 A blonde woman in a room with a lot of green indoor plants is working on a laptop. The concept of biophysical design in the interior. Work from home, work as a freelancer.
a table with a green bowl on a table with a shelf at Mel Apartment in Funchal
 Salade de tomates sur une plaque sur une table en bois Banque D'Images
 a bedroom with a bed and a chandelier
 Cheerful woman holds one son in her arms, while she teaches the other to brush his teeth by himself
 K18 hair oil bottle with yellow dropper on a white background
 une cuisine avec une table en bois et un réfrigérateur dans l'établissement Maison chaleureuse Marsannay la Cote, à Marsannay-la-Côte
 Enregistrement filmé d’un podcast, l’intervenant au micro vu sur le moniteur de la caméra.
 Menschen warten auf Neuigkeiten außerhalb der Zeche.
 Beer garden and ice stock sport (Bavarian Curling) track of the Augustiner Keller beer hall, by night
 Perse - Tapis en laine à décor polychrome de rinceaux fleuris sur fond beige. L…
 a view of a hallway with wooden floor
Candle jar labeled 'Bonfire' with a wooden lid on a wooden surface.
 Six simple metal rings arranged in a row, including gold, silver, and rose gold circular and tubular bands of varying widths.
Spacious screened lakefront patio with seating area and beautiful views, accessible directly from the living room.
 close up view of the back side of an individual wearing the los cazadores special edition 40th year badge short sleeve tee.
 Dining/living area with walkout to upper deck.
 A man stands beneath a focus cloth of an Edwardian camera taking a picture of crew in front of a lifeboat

□ □ □ □ □

Exercise brief>
Tell how many lines of the data above contain the word "from", giving the number by itself.

Task output>
2